> What to work on: Output exactly the lines that come between the start of the material and the line containing "116 BELLA VISTA", both ends included, with the pictures omitted.

##########

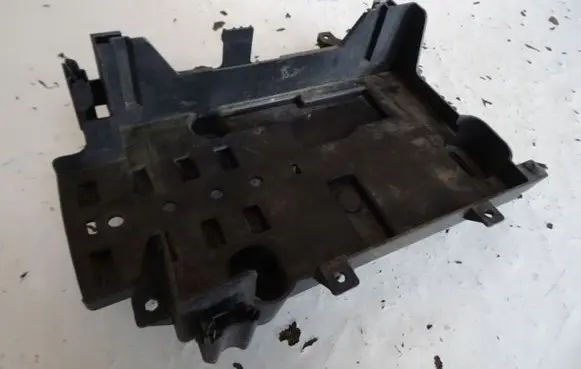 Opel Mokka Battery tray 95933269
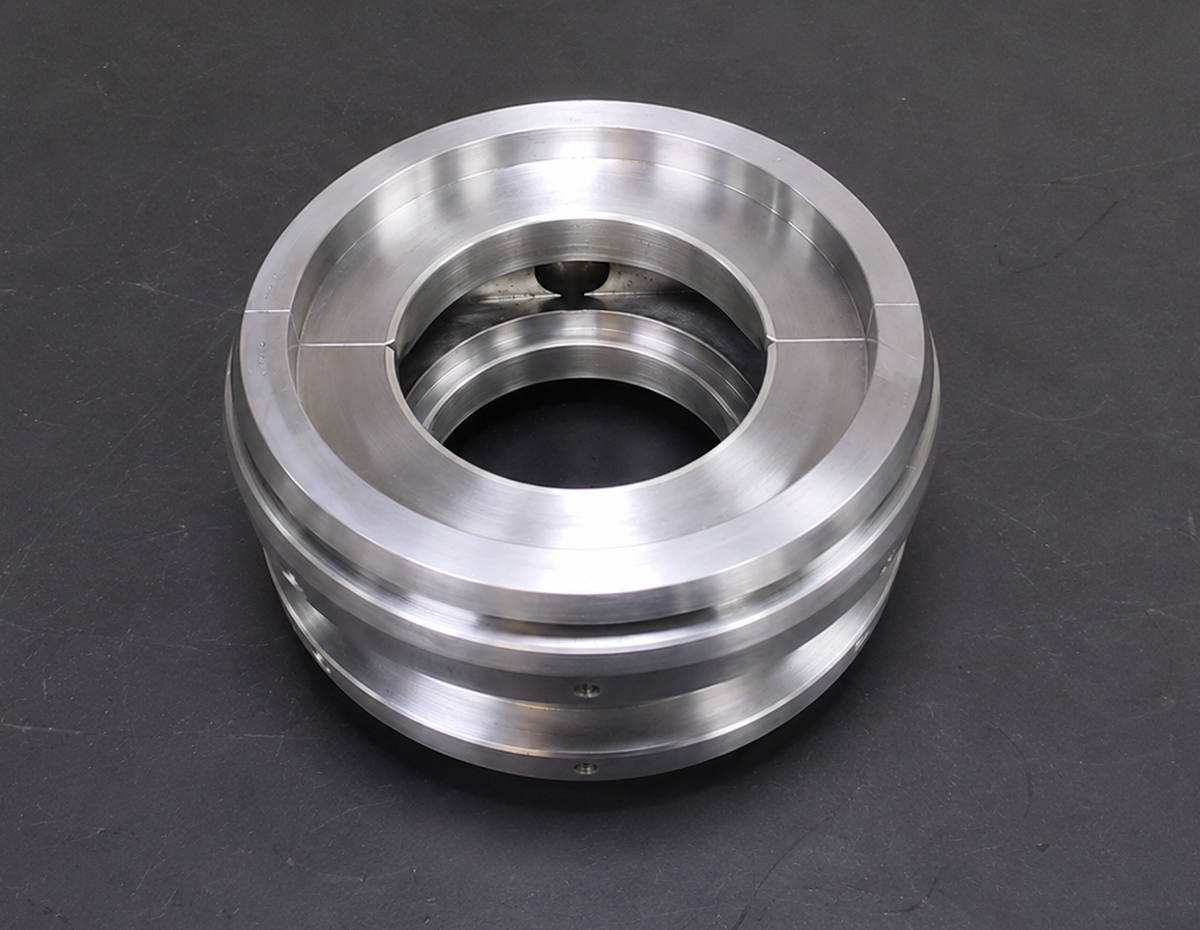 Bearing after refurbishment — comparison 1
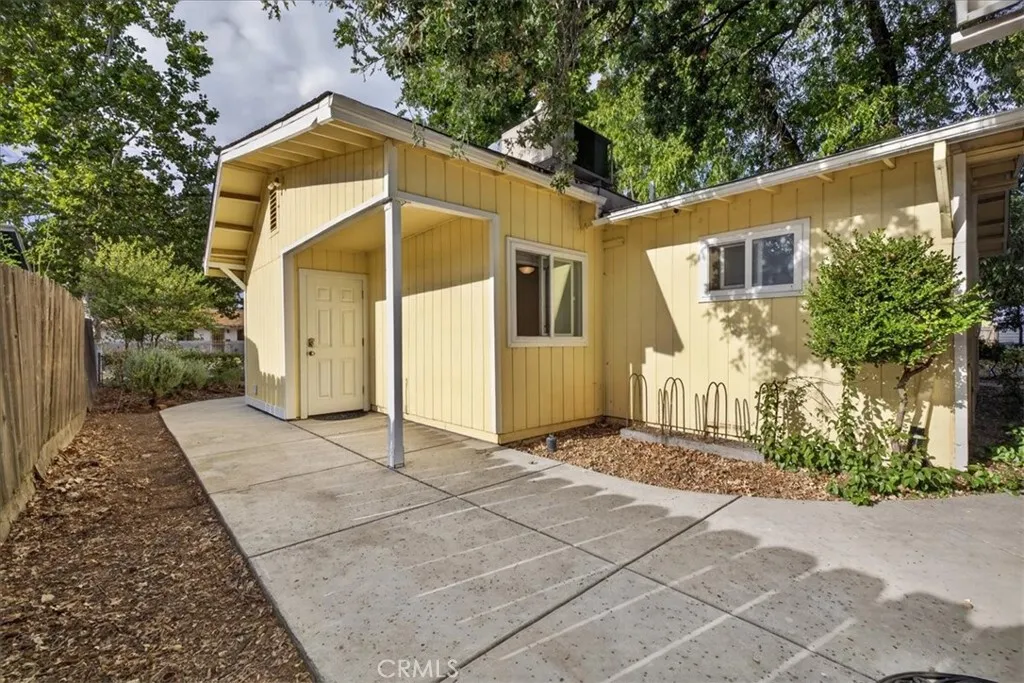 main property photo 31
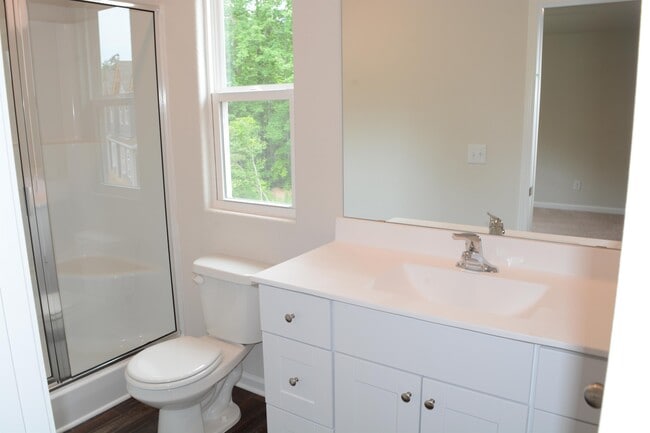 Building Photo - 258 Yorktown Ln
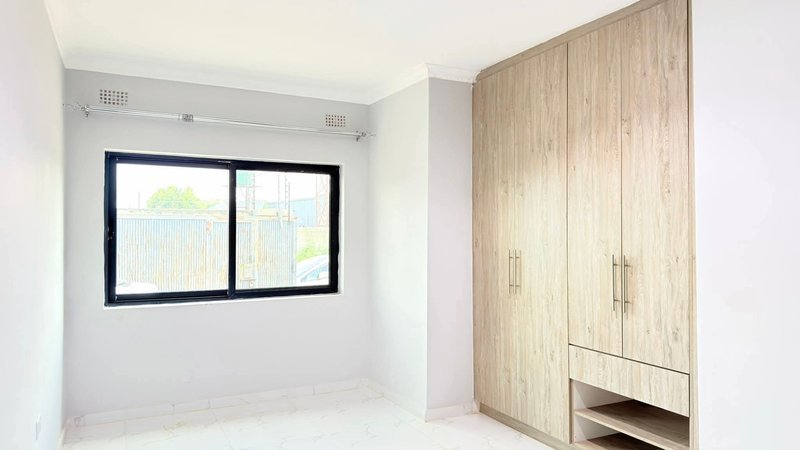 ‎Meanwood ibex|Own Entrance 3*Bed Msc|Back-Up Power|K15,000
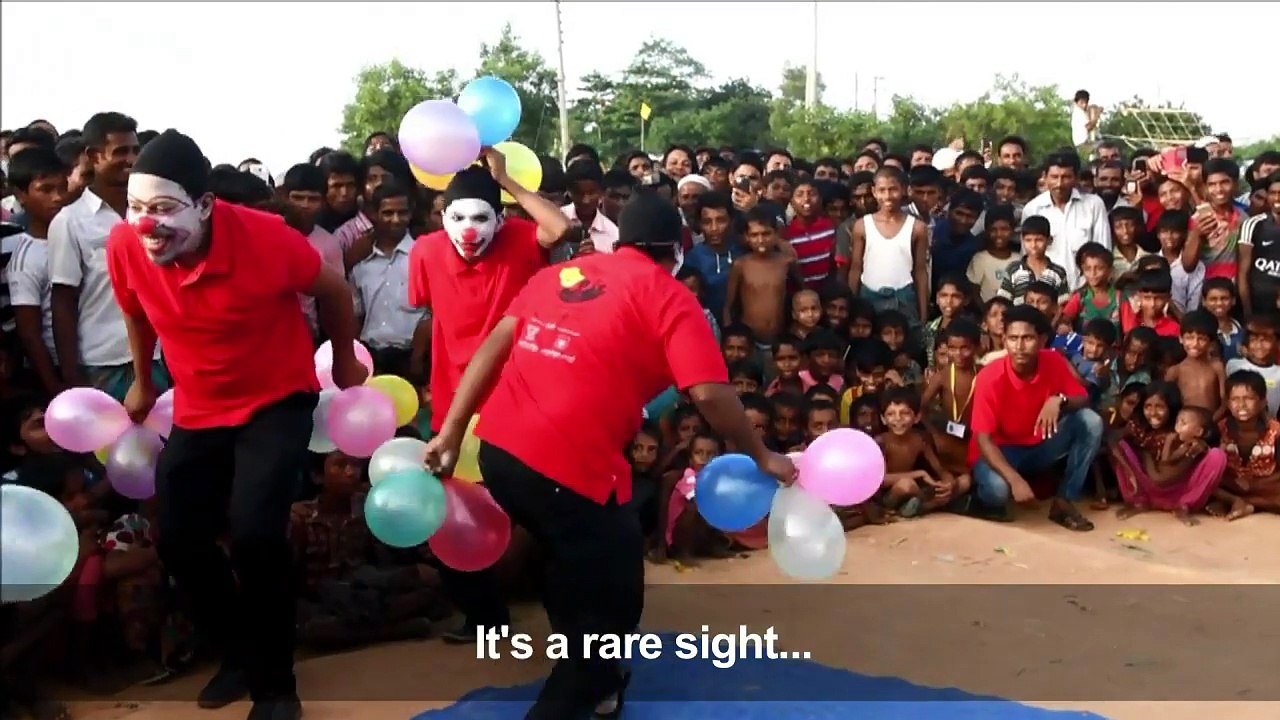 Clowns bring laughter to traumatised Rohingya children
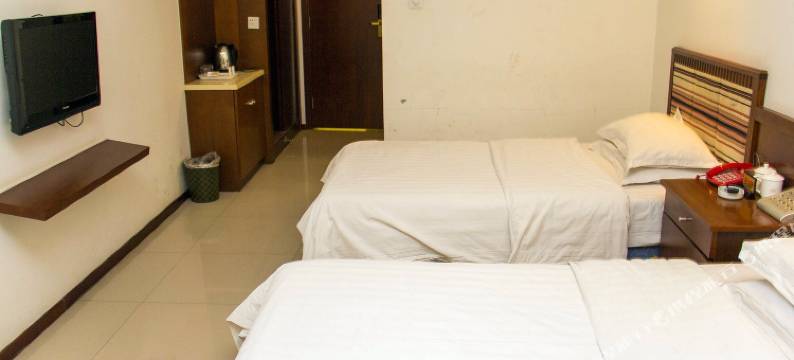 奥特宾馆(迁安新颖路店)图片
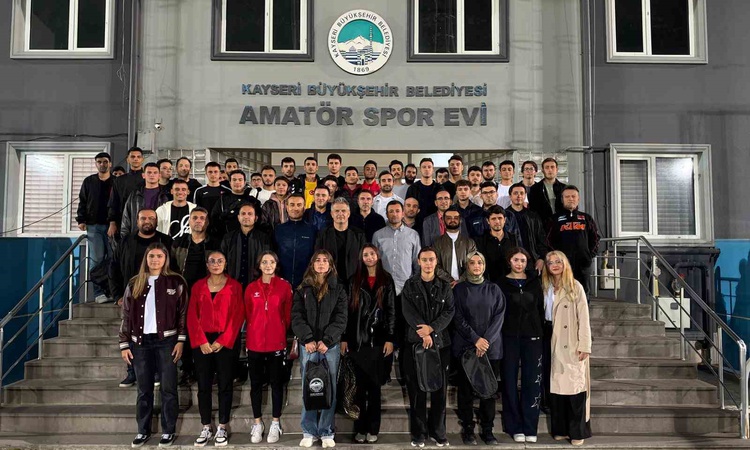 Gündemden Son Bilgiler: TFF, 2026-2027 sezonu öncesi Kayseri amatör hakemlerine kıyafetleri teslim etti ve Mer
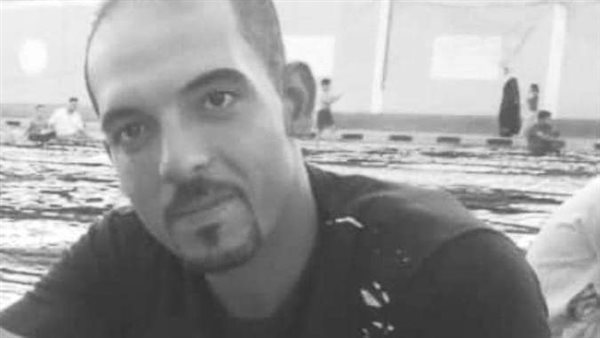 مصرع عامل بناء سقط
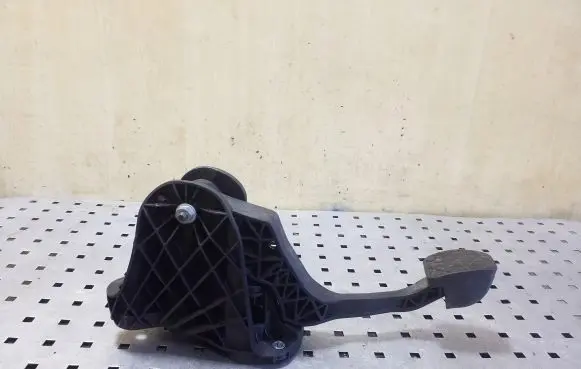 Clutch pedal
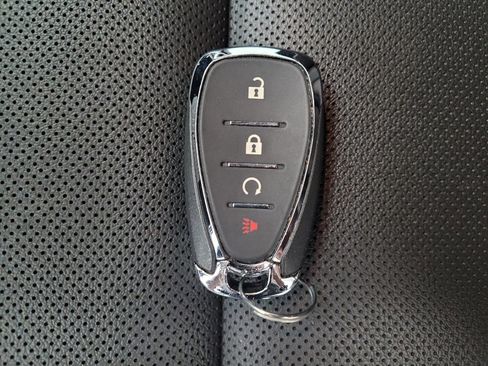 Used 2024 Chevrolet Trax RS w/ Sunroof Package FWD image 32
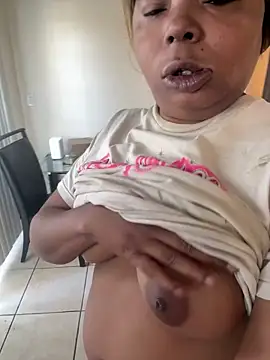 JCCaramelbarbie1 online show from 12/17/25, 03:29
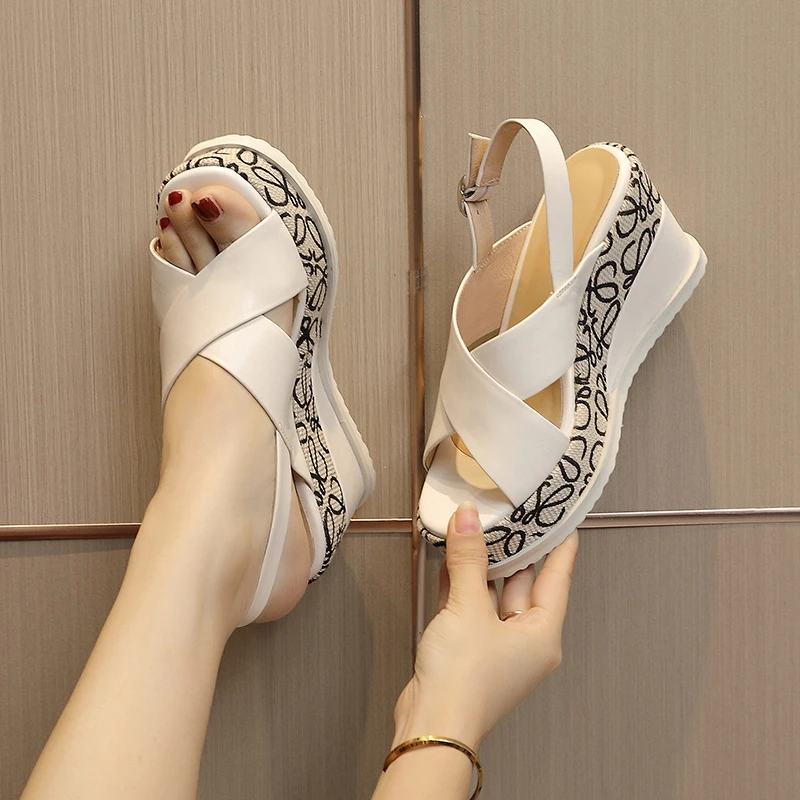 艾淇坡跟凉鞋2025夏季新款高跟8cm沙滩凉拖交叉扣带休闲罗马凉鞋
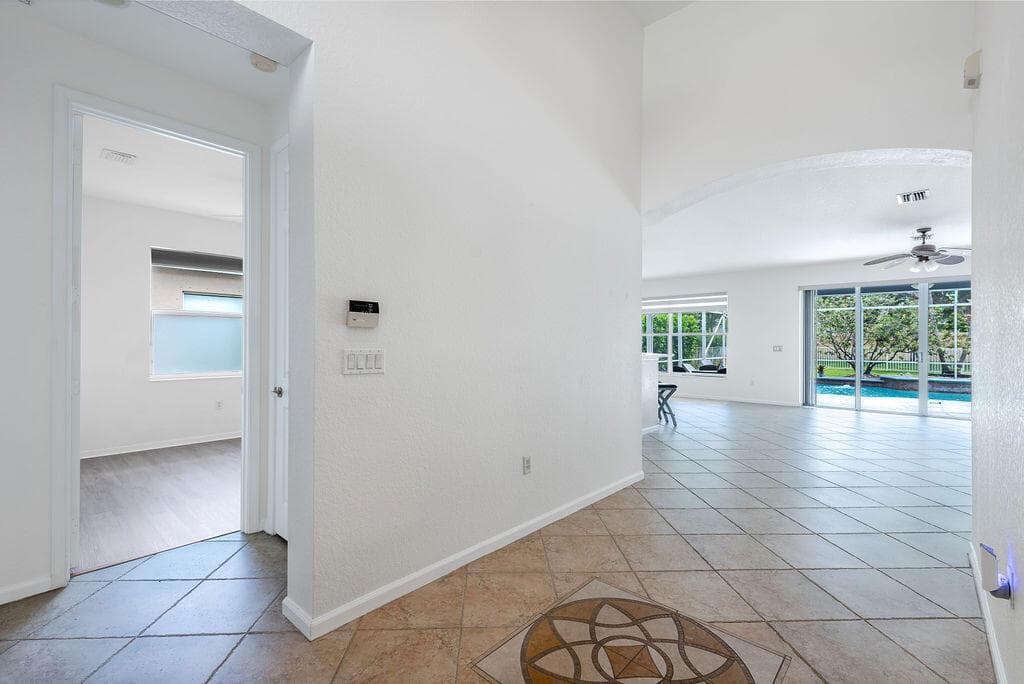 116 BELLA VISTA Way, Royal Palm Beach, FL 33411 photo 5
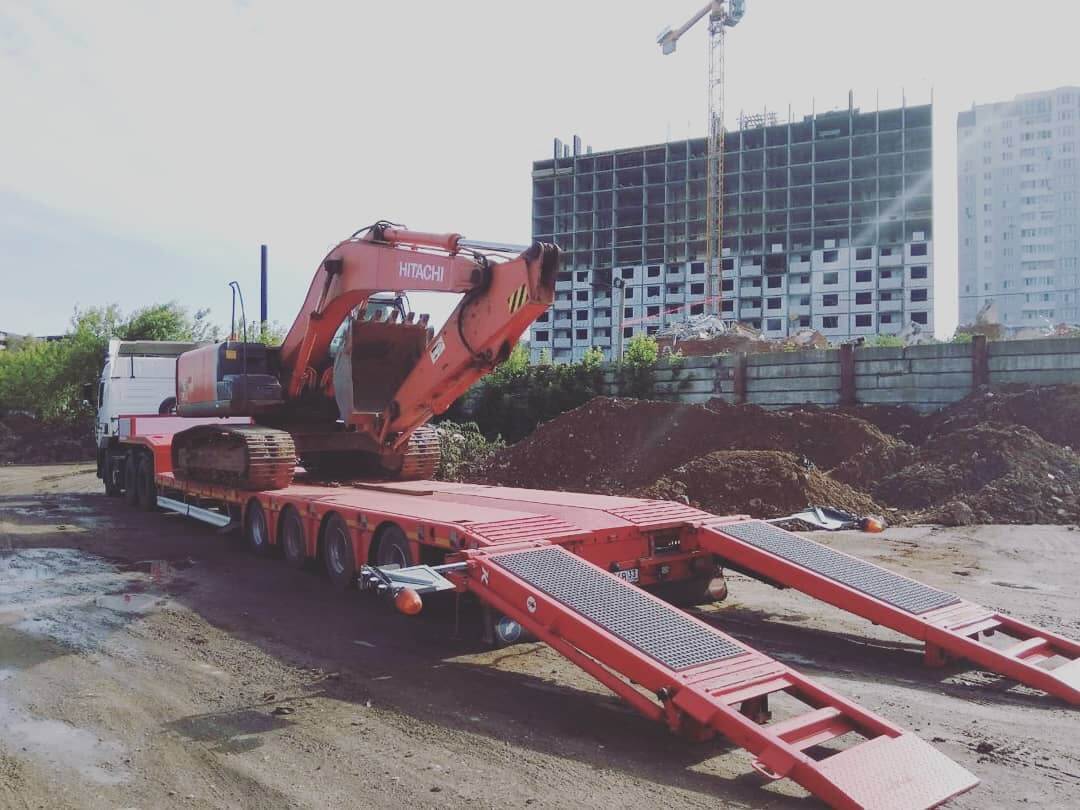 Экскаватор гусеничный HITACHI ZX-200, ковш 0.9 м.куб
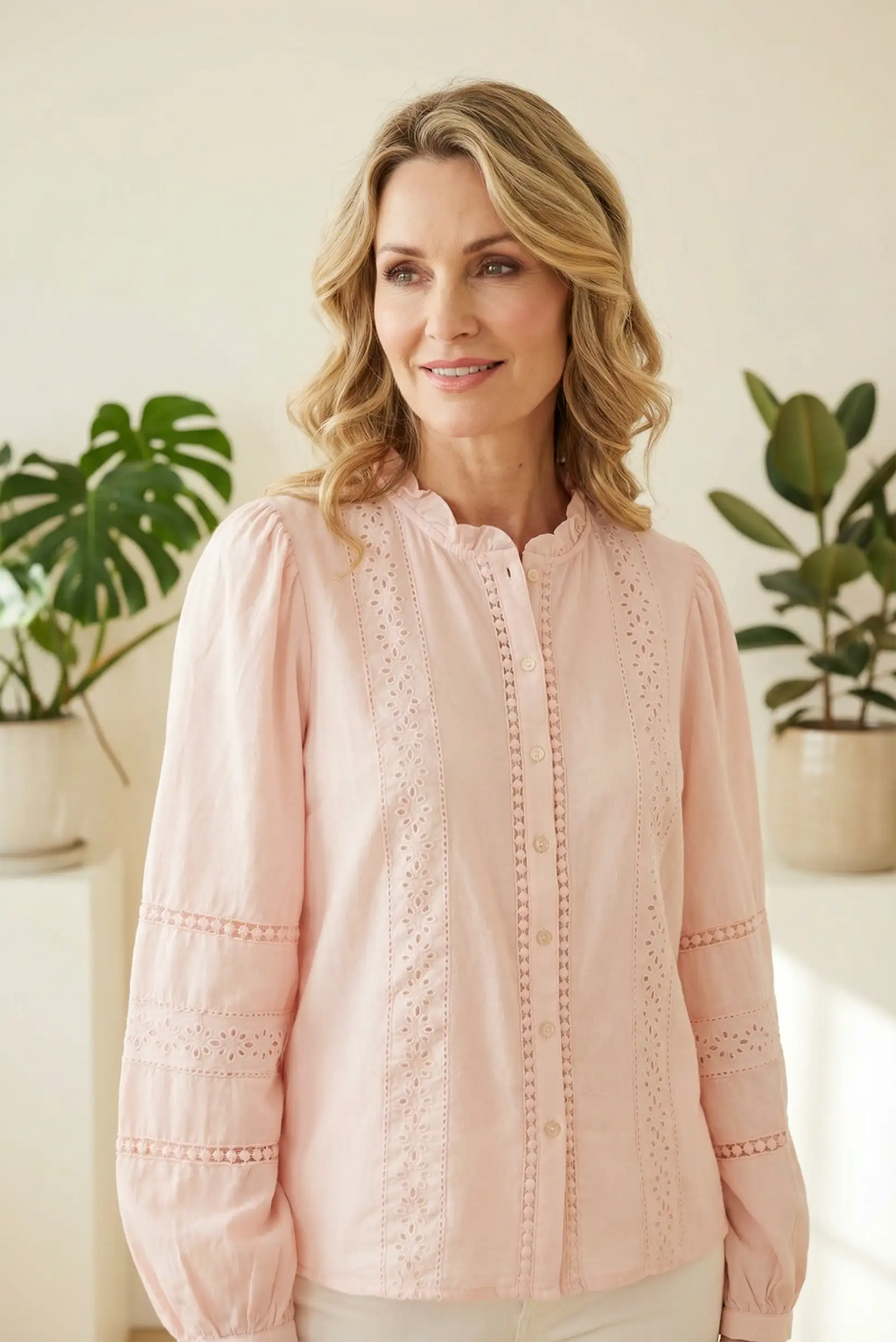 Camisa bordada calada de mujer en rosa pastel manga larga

##########

> Exercise response:
 Opel Mokka Battery tray 95933269
 Bearing after refurbishment — comparison 1
 main property photo 31
 Building Photo - 258 Yorktown Ln
 ‎Meanwood ibex|Own Entrance 3*Bed Msc|Back-Up Power|K15,000
 Clowns bring laughter to traumatised Rohingya children
 奥特宾馆(迁安新颖路店)图片
 Gündemden Son Bilgiler: TFF, 2026-2027 sezonu öncesi Kayseri amatör hakemlerine kıyafetleri teslim etti ve Mer
 مصرع عامل بناء سقط
 Clutch pedal
 Used 2024 Chevrolet Trax RS w/ Sunroof Package FWD image 32
 JCCaramelbarbie1 online show from 12/17/25, 03:29
 艾淇坡跟凉鞋2025夏季新款高跟8cm沙滩凉拖交叉扣带休闲罗马凉鞋
 116 BELLA VISTA Way, Royal Palm Beach, FL 33411 photo 5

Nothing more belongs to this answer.